Под взглядами приятелей, он приблизился к стене. Ему повезло — здесь из кладки выступали в два ряда бронзовые арматурные штыри. Наверное, когда-то планировали делать пристройку… Коул расстегнул сандалии и повесил на пояс, затем ухватился за один из штырей, подтянулся и упёрся ногой. Рывок! — перехватился, ещё рывок!..
Первый и второй этажи он одолел на удивление легко. Арматура служила отличными ступеньками. Коул запретил себе думать, что будет, если его фигуру на стене заметят охранники. Лишь он, кирпичная стена перед носом и стержни в ладонях и под босыми подошвами. Раз! — перехват, ещё раз! — пере…
Нога, вроде бы поставленная твёрдо, вдруг сорвалась с опоры. Коул не успел вовремя ухватиться — и повис на одной руке и одной ноге. Снизу донёсся слитный испуганный вздох.
У Коула дыханье спёрло в горле. Мышцы вдруг ослабли, в них вступила предательская дрожь. Вот сейчас и вторая рука не выдержит, и… Нет! Мальчишка стиснул зубы, превозмогая страх, подтянулся и ухватился за штырь второй рукой. Вот так! Что угодно, только не струсить.
Ещё выше штыри заканчивались, но Коул уже успел приметить рядом виноградные лозы, увившие карниз: крепкие стебли были толщиной в запястье. Выбора не было. Он аккуратно поставил стопу в перекрестье лоз, ухватился и перенёс вес тела. Вперёд!.. Лоза с шорохом подалась было под ногами, но он уже ухватился за карниз, подтянулся — и выбрался на крышу.
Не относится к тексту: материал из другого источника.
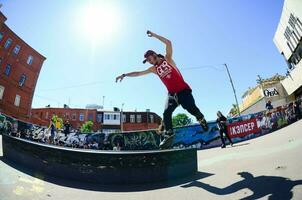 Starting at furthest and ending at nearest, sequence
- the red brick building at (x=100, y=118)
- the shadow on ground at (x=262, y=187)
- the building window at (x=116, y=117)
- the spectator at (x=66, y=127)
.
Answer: the building window at (x=116, y=117) < the red brick building at (x=100, y=118) < the spectator at (x=66, y=127) < the shadow on ground at (x=262, y=187)

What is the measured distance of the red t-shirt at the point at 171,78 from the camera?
470 centimetres

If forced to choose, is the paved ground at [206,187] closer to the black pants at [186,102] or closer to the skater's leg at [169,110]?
the skater's leg at [169,110]

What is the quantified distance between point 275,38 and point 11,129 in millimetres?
39360

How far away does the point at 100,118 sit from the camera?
61688 millimetres

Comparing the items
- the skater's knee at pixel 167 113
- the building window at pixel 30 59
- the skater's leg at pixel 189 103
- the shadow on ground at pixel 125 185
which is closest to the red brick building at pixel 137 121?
the building window at pixel 30 59

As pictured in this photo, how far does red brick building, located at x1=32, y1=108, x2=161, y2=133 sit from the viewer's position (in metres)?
59.0

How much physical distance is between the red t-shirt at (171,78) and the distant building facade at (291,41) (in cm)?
2654

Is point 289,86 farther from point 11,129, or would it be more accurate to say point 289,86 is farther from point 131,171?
point 11,129

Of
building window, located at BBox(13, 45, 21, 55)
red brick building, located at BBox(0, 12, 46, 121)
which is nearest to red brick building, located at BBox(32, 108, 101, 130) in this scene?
red brick building, located at BBox(0, 12, 46, 121)

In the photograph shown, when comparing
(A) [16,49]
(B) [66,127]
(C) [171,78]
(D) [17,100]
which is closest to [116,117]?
(D) [17,100]

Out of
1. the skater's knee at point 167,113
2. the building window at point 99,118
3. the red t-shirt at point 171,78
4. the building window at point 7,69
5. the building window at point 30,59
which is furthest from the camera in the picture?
the building window at point 99,118

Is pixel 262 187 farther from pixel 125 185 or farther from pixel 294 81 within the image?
pixel 294 81

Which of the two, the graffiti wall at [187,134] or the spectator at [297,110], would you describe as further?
the spectator at [297,110]

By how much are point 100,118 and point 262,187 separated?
6107 cm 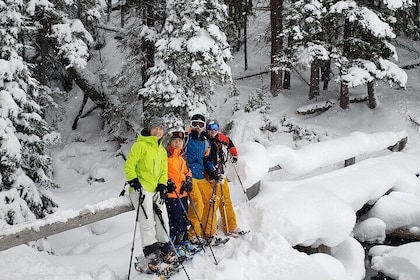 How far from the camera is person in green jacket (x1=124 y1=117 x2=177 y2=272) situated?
5367mm

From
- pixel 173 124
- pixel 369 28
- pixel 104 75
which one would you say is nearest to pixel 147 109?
pixel 173 124

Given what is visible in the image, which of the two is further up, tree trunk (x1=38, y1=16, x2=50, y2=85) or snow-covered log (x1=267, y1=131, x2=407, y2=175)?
tree trunk (x1=38, y1=16, x2=50, y2=85)

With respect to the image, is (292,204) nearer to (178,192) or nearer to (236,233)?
(236,233)

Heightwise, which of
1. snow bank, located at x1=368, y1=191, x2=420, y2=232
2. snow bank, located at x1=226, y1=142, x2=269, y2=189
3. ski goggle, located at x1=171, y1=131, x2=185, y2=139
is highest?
ski goggle, located at x1=171, y1=131, x2=185, y2=139

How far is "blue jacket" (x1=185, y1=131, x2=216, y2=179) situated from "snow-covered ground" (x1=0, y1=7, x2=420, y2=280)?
805 millimetres

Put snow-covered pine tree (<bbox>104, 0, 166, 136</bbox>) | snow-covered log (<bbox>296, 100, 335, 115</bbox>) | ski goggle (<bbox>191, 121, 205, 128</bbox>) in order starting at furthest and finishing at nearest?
snow-covered log (<bbox>296, 100, 335, 115</bbox>)
snow-covered pine tree (<bbox>104, 0, 166, 136</bbox>)
ski goggle (<bbox>191, 121, 205, 128</bbox>)

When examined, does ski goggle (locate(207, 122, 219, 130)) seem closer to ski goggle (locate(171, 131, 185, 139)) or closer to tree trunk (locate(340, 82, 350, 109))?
ski goggle (locate(171, 131, 185, 139))

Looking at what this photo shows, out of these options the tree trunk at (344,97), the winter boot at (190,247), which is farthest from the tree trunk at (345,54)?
the winter boot at (190,247)

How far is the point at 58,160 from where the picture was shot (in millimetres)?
18328

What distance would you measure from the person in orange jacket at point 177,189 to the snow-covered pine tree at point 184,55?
802 centimetres

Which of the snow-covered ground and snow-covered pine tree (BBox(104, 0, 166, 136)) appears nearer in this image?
the snow-covered ground

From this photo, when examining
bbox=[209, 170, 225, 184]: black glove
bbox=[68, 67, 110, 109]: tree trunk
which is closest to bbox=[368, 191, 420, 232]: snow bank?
bbox=[209, 170, 225, 184]: black glove

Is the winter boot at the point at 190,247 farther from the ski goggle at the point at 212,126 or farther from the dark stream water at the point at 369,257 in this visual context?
the dark stream water at the point at 369,257

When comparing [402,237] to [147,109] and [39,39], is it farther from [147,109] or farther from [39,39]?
[39,39] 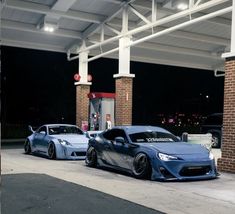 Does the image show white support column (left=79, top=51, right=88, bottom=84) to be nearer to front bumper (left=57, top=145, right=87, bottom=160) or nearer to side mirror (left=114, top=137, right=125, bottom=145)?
front bumper (left=57, top=145, right=87, bottom=160)

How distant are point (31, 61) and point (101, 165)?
41104 millimetres

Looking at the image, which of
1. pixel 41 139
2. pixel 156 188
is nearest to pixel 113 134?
pixel 156 188

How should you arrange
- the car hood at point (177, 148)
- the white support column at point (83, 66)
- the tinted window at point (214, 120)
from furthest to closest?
the white support column at point (83, 66)
the tinted window at point (214, 120)
the car hood at point (177, 148)

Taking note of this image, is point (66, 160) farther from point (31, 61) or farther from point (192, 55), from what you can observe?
point (31, 61)

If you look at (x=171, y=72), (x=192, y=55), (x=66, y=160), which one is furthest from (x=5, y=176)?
(x=171, y=72)

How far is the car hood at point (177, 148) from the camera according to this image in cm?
994

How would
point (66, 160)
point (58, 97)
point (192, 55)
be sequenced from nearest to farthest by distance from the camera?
point (66, 160), point (192, 55), point (58, 97)

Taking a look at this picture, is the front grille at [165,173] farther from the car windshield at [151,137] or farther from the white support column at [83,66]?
the white support column at [83,66]

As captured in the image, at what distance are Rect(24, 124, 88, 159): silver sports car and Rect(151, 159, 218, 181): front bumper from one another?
5.04 metres

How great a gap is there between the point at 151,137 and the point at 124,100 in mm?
7790

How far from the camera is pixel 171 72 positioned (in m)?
54.2

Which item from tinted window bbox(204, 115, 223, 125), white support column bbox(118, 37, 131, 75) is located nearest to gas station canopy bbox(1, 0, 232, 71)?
white support column bbox(118, 37, 131, 75)

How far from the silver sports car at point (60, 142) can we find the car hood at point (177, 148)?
4458mm

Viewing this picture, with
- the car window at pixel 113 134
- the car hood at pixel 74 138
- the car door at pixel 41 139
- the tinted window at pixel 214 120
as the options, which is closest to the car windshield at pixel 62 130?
the car door at pixel 41 139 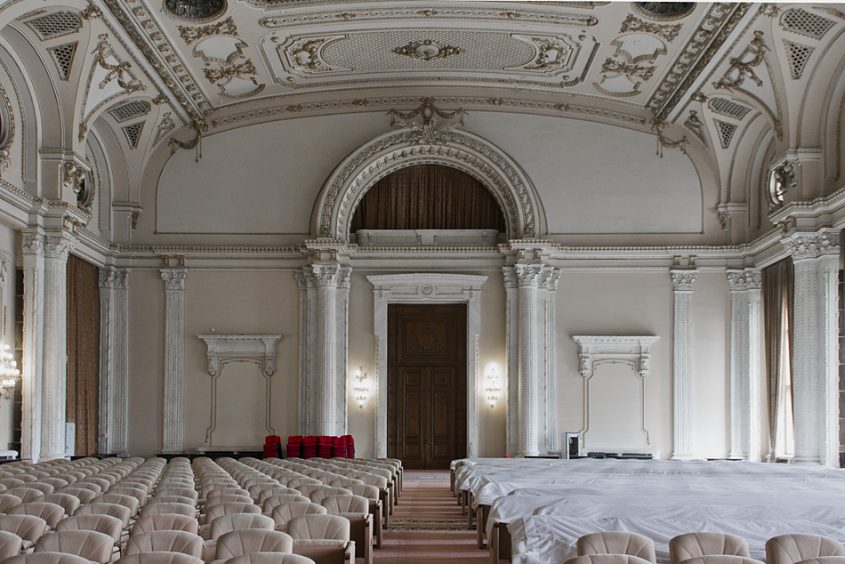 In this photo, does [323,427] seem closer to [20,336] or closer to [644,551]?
[20,336]

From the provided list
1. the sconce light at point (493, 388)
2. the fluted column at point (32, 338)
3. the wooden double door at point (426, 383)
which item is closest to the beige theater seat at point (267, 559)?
the fluted column at point (32, 338)

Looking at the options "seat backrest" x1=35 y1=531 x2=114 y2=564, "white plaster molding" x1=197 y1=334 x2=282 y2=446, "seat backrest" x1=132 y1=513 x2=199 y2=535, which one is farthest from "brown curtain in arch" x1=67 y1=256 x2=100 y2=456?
"seat backrest" x1=35 y1=531 x2=114 y2=564

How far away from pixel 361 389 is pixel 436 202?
16.7ft

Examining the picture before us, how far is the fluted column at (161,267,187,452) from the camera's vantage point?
25359 mm

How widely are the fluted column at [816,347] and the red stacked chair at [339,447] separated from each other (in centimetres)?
979

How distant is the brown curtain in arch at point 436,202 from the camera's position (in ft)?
87.1

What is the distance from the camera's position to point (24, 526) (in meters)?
8.52

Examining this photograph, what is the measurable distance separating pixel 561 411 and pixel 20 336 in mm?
12358

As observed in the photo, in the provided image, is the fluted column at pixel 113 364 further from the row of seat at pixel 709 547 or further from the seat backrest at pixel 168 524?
the row of seat at pixel 709 547

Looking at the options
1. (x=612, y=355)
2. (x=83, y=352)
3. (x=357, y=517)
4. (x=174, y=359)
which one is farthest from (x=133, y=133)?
(x=357, y=517)

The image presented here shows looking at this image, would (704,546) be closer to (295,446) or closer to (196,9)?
(196,9)

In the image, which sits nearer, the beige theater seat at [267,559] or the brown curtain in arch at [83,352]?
the beige theater seat at [267,559]


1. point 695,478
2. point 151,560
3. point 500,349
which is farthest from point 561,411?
point 151,560

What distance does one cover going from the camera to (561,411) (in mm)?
25266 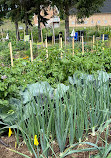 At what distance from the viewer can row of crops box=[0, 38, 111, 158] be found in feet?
4.93

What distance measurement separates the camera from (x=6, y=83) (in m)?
2.18

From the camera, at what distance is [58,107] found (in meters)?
1.58

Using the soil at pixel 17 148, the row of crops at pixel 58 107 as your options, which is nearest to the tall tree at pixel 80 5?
the row of crops at pixel 58 107

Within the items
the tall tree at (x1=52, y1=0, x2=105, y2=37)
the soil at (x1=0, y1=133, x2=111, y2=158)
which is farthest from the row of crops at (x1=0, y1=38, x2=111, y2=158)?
the tall tree at (x1=52, y1=0, x2=105, y2=37)

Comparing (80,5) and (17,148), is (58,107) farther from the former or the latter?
(80,5)

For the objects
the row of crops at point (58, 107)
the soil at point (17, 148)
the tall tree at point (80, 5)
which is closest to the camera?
the row of crops at point (58, 107)

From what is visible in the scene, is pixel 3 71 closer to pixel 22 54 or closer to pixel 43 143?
pixel 43 143

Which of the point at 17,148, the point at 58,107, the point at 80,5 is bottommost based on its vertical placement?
the point at 17,148

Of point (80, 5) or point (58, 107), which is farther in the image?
point (80, 5)

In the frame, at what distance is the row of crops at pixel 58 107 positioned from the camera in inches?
59.1

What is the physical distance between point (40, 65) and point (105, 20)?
34.4 m

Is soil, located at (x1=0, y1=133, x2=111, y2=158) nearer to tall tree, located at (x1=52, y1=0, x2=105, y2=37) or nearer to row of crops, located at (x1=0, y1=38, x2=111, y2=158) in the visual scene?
row of crops, located at (x1=0, y1=38, x2=111, y2=158)

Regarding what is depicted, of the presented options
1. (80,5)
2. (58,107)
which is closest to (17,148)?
(58,107)

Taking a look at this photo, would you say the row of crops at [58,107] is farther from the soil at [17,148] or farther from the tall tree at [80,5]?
the tall tree at [80,5] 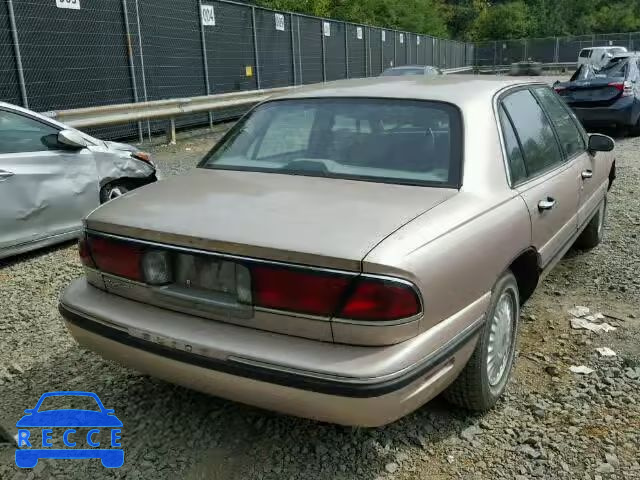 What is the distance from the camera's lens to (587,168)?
14.8 ft

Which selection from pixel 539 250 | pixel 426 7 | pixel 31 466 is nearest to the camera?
pixel 31 466

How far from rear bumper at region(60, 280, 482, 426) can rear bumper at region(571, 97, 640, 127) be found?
10951mm

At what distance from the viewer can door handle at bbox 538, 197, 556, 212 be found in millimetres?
3342

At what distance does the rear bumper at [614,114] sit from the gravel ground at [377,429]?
9163 mm

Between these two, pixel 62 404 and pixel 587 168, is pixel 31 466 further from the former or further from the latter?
pixel 587 168

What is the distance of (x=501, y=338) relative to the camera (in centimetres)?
308

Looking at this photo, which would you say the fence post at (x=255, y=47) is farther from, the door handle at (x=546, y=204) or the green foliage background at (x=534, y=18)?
the green foliage background at (x=534, y=18)

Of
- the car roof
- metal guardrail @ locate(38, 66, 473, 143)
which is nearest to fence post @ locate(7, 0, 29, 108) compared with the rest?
metal guardrail @ locate(38, 66, 473, 143)

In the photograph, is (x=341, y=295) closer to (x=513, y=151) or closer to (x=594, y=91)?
(x=513, y=151)

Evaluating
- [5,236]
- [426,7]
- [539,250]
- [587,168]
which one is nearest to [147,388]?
[539,250]

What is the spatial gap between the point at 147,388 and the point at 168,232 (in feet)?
3.77

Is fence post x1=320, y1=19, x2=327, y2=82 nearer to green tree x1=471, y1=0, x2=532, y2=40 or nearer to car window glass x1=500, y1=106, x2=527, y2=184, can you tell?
car window glass x1=500, y1=106, x2=527, y2=184

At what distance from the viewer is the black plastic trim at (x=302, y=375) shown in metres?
2.17

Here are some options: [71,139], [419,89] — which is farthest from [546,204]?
[71,139] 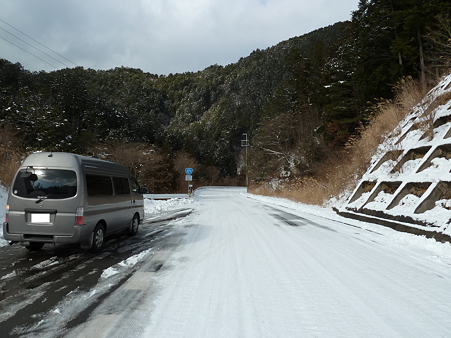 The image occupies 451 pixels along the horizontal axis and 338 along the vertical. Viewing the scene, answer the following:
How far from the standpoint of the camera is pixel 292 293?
412cm

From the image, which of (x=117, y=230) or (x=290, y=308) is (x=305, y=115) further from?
(x=290, y=308)

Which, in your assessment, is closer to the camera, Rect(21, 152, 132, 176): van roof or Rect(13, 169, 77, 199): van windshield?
Rect(13, 169, 77, 199): van windshield

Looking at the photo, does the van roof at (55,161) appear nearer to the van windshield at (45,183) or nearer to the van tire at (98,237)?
the van windshield at (45,183)

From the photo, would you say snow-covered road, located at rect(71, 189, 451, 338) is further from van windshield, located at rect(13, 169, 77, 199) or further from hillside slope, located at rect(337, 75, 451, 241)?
van windshield, located at rect(13, 169, 77, 199)

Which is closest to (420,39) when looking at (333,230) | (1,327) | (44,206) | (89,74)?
(333,230)

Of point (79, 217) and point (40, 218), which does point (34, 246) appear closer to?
point (40, 218)

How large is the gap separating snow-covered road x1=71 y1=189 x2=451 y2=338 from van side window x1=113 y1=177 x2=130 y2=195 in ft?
7.64

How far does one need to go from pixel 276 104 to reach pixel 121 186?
42.2 m

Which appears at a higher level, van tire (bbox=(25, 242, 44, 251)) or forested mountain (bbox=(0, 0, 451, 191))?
forested mountain (bbox=(0, 0, 451, 191))

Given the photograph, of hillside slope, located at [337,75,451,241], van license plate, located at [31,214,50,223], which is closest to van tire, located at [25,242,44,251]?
van license plate, located at [31,214,50,223]

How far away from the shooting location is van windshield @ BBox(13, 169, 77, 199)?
20.1 ft

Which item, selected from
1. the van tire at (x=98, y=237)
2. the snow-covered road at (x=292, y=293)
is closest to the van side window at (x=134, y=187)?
the van tire at (x=98, y=237)

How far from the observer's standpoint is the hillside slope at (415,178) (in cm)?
803

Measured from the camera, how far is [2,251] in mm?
6887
С минуту он просто не мог отдышаться, наслаждаясь твёрдой опорой под собой. Вот так приключение… Потом всё же поднялся на ноги и с нарочно бравым видом помахал парням внизу — те замахали в ответ.
Коул огляделся, чувствуя себя альпинистом, покорившим вершину. Двускатная кровля, по углам увенчанная башенками, была вся в разводах птичьего помёта, кое-где черепица зияла дырами. Ладно, вон та башня, на которой флю…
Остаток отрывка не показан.